“Well”—the ancestral Puritanism spoke in Mrs. March—“these two old men have been terribly punished. They have both been violent and wilful, and they have both been punished. No one need ever tell me there is not a moral government of the universe!”
March always disliked to hear her talk in this way, which did both her head and heart injustice. “And Conrad,” he said, “what was he punished for?”
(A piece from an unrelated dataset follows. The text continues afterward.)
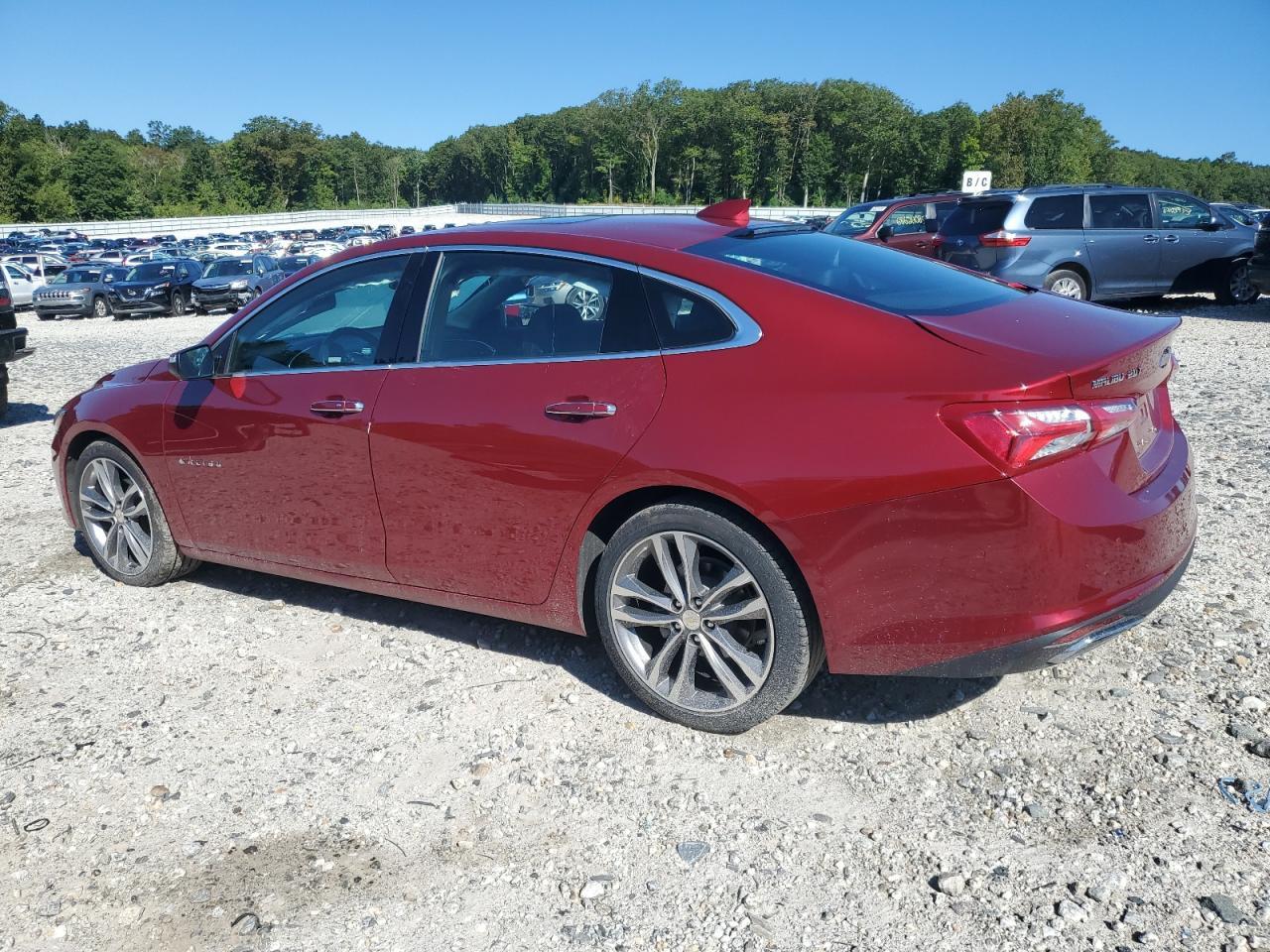 2020 Chevrolet Malibu Premier Premier - Image 2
“He?”—she answered, in an exaltation—“he suffered for the sins of others.”
“Ah, well, if you put it in that way, yes. That goes on continually. That’s another mystery.”
He fell to brooding on it, and presently he heard his son saying, “I suppose, papa, that Mr. Lindau died in a bad cause?”
March was startled. He had always been so sorry for Lindau, and admired his courage and generosity so much, that he had never fairly considered this question. “Why, yes,” he answered; “he died in the cause of disorder; he was trying to obstruct the law. No doubt there was a wrong there, an inconsistency and an injustice that he felt keenly; but it could not be reached in his way without greater wrong.”
“Yes; that’s what I thought,” said the boy. “And what’s the use of our ever fighting about anything in America? I always thought we could vote anything we wanted.”
“We can, if we’re honest, and don’t buy and sell one another’s votes,” said his father. “And men like Lindau, who renounce the American means as hopeless, and let their love of justice hurry them into sympathy with violence—yes, they are wrong; and poor Lindau did die in a bad cause, as you say, Tom.”
“I think Conrad had no business there, or you, either, Basil,” said his wife.